У щуплого охранника отвалилась челюсть. Он засуетился, начал одергивать форму и не чаял, как ему смыться. Не хотел видеть того, что, по его мнению, должно было последовать. Усач порылся в карманах и кинул мне сигареты и спички, которые я позабыл у Паула Ариона. Подобная снисходительность настолько поразила охранника, что он застыл на месте.
Великан иронически поглядьюал на меня, играя своим резиновым мячиком. Глаза его перестали лихорадочно блестеть, как тогда, в машине. Я улыбнулся ему. В ту же секунду он неожиданно бросил мне мячик в лицо. Я ухитрился поймать его, хотя мои руки уже порядком онемели в наручниках.
— Гм, — осклабился он. — Совсем, совсем неплохо. Ты мне все больше нравишься. Ты достойный противник. Вот уж кому я с удовольствием намял бы бока.
Он щелкнул пальцами, и я кинул мячик в его поднятую над головой ладонь. Он повернулся и ушел. Развалившись на нарах, я заорал ему вслед:
— До чего же ты великодушен! Постой, я еще не успел выразить тебе свою благодарность. Боюсь, когда ты вернешься, от нее и следа не останется. У таких, как я, государство конфискует все подчистую.
Я прикурил сигарету, но не успел затянуться.
— Смирно! — завопил, как полоумный, старшина.
Я мгновенно вскочил на ноги. Его голова доходила до того места на моей груди, куда я мог бы прикрепить орден Подвязки, если бы властям вдруг вздумалось проявить достаточную снисходительность и наградить меня, а я в свою очередь настолько бы обнаглел, что не стал бы возражать.

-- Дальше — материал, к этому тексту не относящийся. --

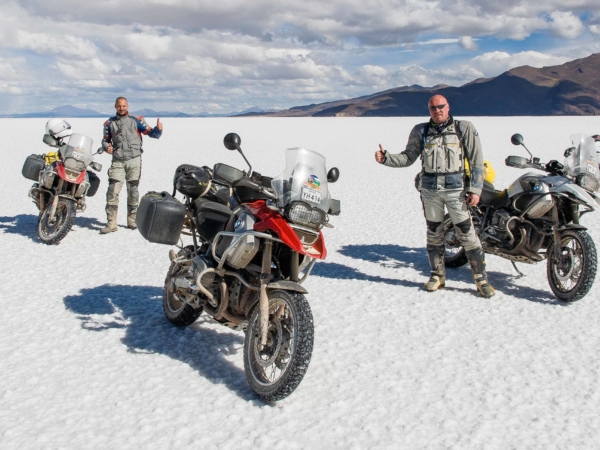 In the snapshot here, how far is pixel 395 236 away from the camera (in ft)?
28.0

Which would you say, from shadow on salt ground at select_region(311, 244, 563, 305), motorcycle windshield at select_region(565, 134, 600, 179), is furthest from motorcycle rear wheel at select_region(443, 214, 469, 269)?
motorcycle windshield at select_region(565, 134, 600, 179)

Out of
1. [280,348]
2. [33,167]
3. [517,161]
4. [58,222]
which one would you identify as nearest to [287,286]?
[280,348]

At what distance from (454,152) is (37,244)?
5.57m

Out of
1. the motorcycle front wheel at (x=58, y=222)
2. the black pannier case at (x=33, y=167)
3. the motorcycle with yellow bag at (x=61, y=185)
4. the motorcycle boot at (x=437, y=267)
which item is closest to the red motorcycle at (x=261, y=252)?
the motorcycle boot at (x=437, y=267)

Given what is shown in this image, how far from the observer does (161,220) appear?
4254 mm

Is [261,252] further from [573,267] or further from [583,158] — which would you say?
[583,158]

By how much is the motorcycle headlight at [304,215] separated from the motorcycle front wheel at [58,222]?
5209mm

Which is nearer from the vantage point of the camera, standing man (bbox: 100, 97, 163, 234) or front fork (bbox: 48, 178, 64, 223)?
front fork (bbox: 48, 178, 64, 223)

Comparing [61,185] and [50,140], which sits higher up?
[50,140]

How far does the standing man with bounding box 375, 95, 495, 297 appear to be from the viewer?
5.55m

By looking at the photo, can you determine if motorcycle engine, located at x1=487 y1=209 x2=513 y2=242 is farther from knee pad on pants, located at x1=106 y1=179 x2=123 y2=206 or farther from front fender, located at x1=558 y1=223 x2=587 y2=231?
knee pad on pants, located at x1=106 y1=179 x2=123 y2=206

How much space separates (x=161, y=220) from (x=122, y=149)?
4.45 meters

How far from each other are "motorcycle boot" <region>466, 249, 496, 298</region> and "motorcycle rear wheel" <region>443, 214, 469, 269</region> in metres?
0.63

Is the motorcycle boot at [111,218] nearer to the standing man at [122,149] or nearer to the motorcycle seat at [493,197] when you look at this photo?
the standing man at [122,149] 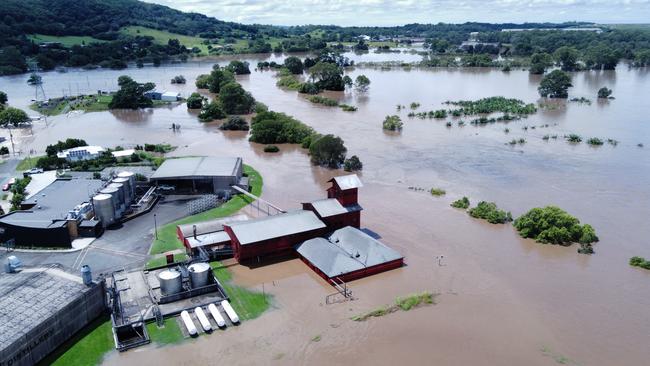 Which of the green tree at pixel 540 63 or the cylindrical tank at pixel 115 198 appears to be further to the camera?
the green tree at pixel 540 63

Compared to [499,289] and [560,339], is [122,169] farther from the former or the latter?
[560,339]

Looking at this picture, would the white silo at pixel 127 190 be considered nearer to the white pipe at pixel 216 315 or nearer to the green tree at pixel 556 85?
the white pipe at pixel 216 315

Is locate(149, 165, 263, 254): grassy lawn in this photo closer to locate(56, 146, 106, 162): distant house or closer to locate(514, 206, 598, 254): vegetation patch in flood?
locate(56, 146, 106, 162): distant house

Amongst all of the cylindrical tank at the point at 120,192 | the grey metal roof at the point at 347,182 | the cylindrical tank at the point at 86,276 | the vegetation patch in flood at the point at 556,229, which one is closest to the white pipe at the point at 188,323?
the cylindrical tank at the point at 86,276

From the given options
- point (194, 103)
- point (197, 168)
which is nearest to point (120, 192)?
point (197, 168)

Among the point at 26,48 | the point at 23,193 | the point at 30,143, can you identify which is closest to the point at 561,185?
the point at 23,193

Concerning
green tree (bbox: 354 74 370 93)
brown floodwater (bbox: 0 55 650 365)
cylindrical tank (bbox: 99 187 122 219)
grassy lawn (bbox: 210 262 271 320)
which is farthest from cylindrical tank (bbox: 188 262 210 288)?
green tree (bbox: 354 74 370 93)

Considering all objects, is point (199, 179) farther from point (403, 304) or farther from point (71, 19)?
point (71, 19) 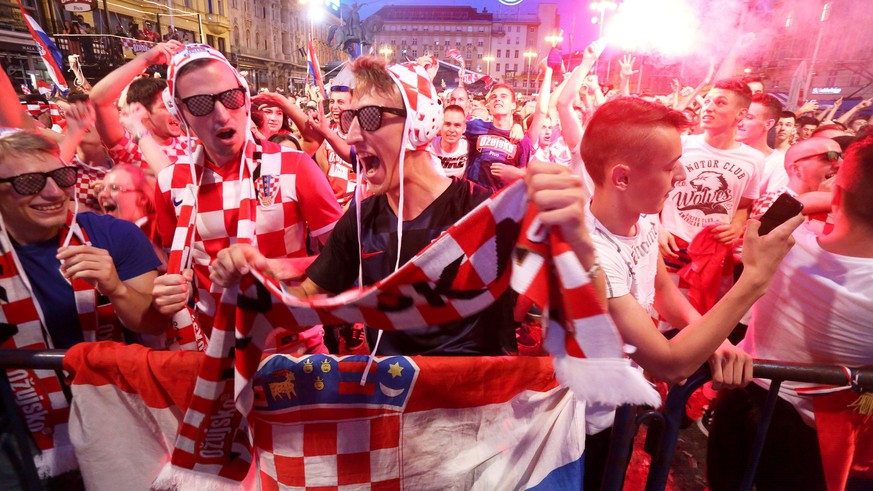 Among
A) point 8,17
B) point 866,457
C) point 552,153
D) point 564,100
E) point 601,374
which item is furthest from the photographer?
point 8,17

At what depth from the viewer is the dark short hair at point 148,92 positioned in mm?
3975

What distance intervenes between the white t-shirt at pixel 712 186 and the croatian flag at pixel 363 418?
9.86 feet

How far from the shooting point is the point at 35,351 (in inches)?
67.2

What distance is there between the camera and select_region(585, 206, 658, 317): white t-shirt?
1.71 metres

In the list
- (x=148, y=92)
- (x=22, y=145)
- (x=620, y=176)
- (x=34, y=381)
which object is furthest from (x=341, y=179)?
(x=620, y=176)

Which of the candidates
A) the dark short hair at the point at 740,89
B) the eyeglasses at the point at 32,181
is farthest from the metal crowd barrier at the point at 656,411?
the dark short hair at the point at 740,89

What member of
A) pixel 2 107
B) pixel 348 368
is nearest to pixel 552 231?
pixel 348 368

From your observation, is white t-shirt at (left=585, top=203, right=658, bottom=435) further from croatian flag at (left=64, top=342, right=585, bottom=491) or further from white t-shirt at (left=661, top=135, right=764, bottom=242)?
white t-shirt at (left=661, top=135, right=764, bottom=242)

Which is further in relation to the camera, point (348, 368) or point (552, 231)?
point (348, 368)

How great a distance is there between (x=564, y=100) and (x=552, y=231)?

Приподнявшись на цыпочки, он попытался заглянуть мне в глаза и еще раз гаркнул:
— Смирно!
С сигаретой во рту, от дыма которой у меня слезились глаза, я послушно принял означенную позицию.
— Забыл, где находишься? Стоять!
— А разве я сижу? — задал я резонный вопрос, не вынимая сигареты изо рта.
В ответ он достаточно сильно врезал мне по зубам. Для мужчины его роста рука у него оказалась удивительно тяжелой. Я изобразил полное недоумение и пробормотал;
— Ладно, но сигареты дал мне…
— Отставить! Товарищ капитан и впрямь вернул тебе сигареты, но не сказал, что разрешается курить.
— Может, мне побежать спросить?
— Разговорчики! Смирно! Заруби себе на носу: я приказываю, а ты докладываешь. Отвечать только "есть" и"здравия желаю". Ясно?
— Есть, здравия желаю!
— Ну, паразит! Снять ремень, вытащить шнурки, сдать курево и так далее! Выполнять!
Я добросовестно протянул ему все, что он просил, и с огорчением пожал плечами:
— Очень сожалею, но "и так далее" у меня нет.
Он в упор смотрел на меня, соображая, не издеваюсь ли я над ним.
— Ты мне свои выкрутасы брось! А то схлопочешь. Я не такой отходчивый, как другие… Вольно!
Отвернувшись от него, я вздохнул и опять разлегся на нарах. Прежде чем уйти, он еще раз прошелся по комнате, будто изучая, все ли в порядке. Когда он положил руку на щеколду, я окликнул:
— Эй, ты!
Охранник не поверил своим ушам, и под его изумленным взглядом я прямо на нарах вытянулся по стойке "смирно", уставившись на ползущую по потолку муху.
— Эй, ты! Который час?
Он, как загипнотизированный, смотрел на меня. Затем, сообщив время и заговорщицки подмигнув, как бы случайно выронил сигареты и спички.